EXERCISE DATA:

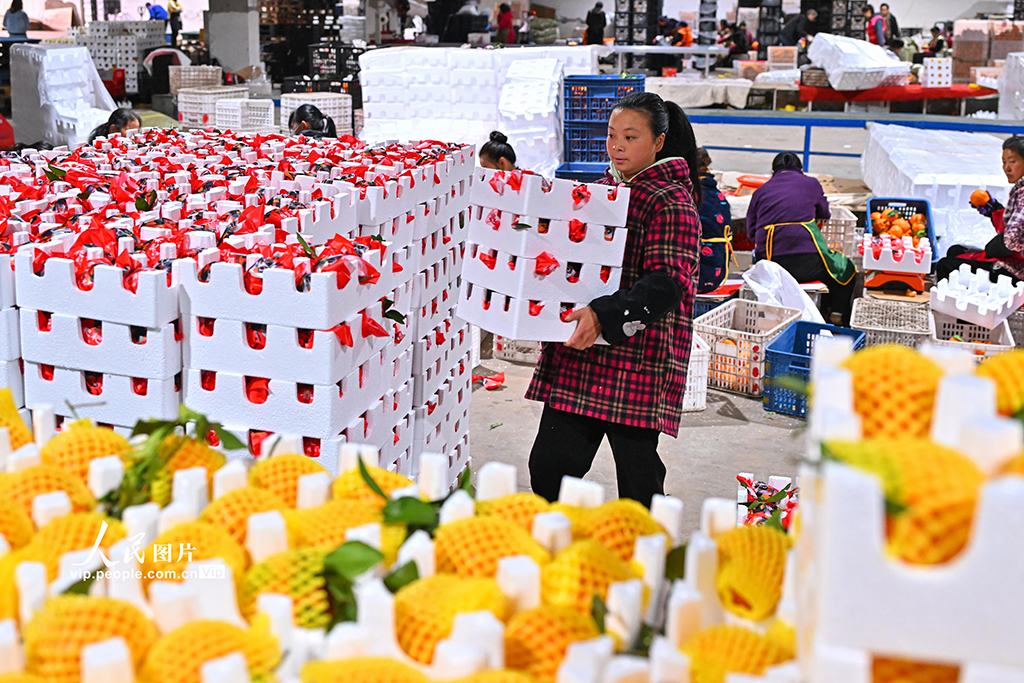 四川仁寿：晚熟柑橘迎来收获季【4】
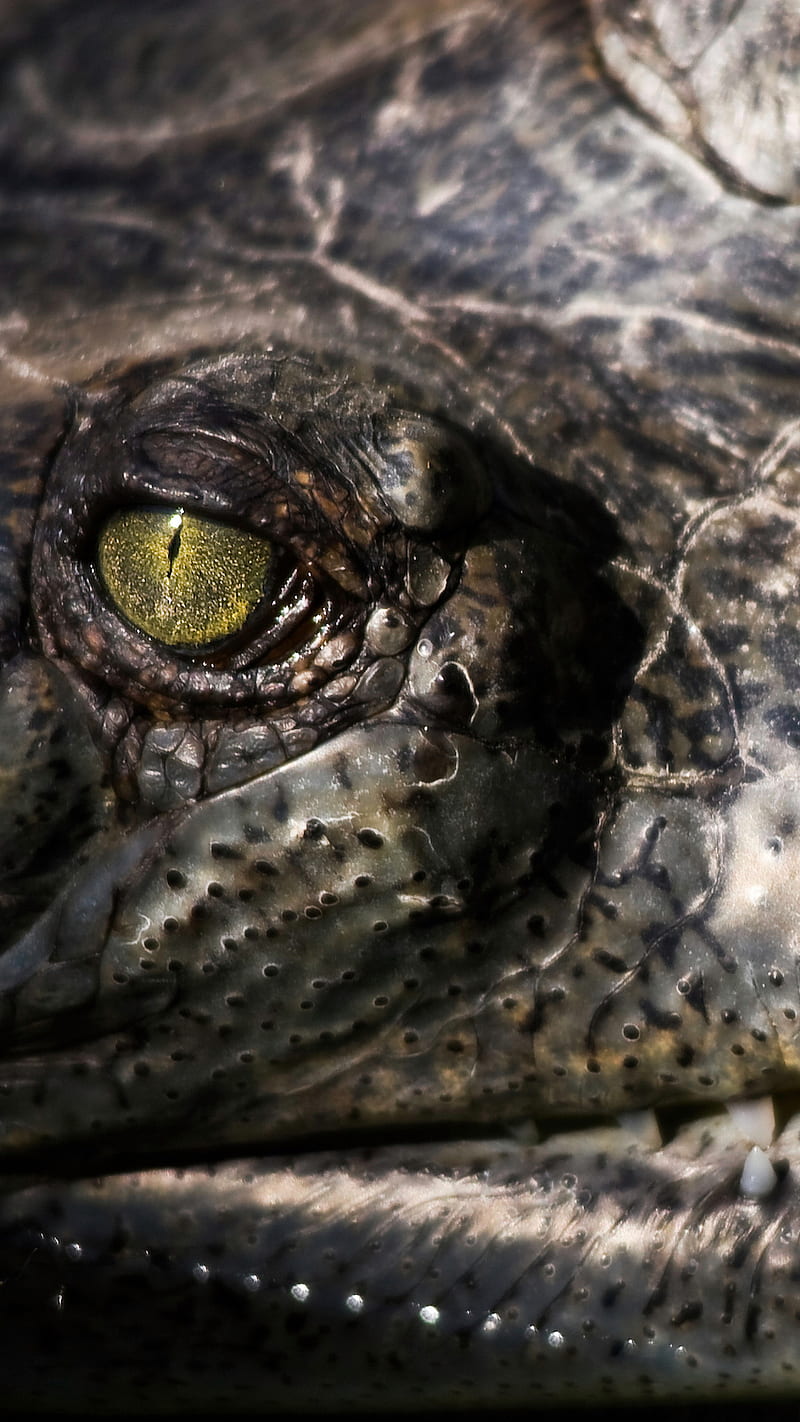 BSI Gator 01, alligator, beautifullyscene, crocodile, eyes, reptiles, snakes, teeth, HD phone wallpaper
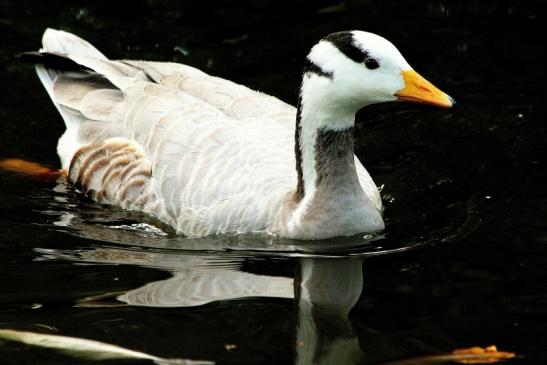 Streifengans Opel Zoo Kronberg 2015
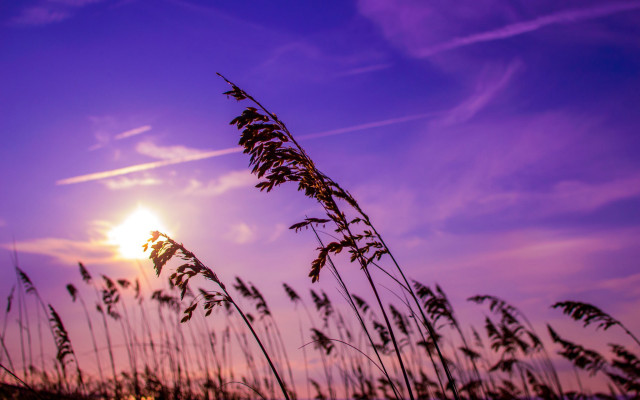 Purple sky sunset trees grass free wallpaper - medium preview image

WORK TO BE COMPLETED:
Beginning with the line containing "HD phone wallpaper" and ending with the last line of the data, output those lines exactly and nothing more. Omit every picture.

FINISHED EXERCISE:
 BSI Gator 01, alligator, beautifullyscene, crocodile, eyes, reptiles, snakes, teeth, HD phone wallpaper
 Streifengans Opel Zoo Kronberg 2015
 Purple sky sunset trees grass free wallpaper - medium preview image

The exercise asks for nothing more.